▶ Task requirements
Find the string "Colorblock" in the data, then copy every line where it is found.

▶ Stored records
=== Section Start ===
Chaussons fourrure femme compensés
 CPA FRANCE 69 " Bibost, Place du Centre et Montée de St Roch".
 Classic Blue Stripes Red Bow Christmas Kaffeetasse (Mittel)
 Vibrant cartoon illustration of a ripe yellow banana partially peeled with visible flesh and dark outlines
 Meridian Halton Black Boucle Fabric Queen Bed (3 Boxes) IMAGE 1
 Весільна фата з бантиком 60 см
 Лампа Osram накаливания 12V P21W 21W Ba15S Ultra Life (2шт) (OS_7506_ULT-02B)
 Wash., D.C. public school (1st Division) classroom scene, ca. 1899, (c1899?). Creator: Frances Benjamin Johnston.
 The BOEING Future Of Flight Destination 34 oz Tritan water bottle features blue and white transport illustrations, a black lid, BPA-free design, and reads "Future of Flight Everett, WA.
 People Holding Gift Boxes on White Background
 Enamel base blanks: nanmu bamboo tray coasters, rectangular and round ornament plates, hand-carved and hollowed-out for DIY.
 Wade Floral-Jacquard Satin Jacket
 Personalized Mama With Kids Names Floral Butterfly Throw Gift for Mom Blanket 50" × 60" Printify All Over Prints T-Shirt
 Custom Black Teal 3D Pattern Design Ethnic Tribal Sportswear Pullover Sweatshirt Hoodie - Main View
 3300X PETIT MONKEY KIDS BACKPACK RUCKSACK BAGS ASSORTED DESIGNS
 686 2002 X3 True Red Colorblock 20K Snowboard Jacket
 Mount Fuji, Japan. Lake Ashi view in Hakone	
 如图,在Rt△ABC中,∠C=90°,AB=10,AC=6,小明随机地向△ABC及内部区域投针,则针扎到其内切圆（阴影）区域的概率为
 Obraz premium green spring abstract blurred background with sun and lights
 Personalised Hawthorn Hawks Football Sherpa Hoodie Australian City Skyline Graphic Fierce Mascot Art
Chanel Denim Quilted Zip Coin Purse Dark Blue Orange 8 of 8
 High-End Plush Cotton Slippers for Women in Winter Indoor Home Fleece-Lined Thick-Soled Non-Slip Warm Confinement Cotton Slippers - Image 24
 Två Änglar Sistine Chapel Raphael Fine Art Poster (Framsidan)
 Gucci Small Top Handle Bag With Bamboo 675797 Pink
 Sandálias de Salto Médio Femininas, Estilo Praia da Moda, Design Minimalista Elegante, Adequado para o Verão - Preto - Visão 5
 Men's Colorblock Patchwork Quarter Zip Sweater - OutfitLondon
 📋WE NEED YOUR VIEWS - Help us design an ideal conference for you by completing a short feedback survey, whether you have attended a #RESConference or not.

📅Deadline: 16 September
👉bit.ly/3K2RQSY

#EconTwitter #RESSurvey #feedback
=== Section End ===
▶ Task result
 686 2002 X3 True Red Colorblock 20K Snowboard Jacket
 Men's Colorblock Patchwork Quarter Zip Sweater - OutfitLondon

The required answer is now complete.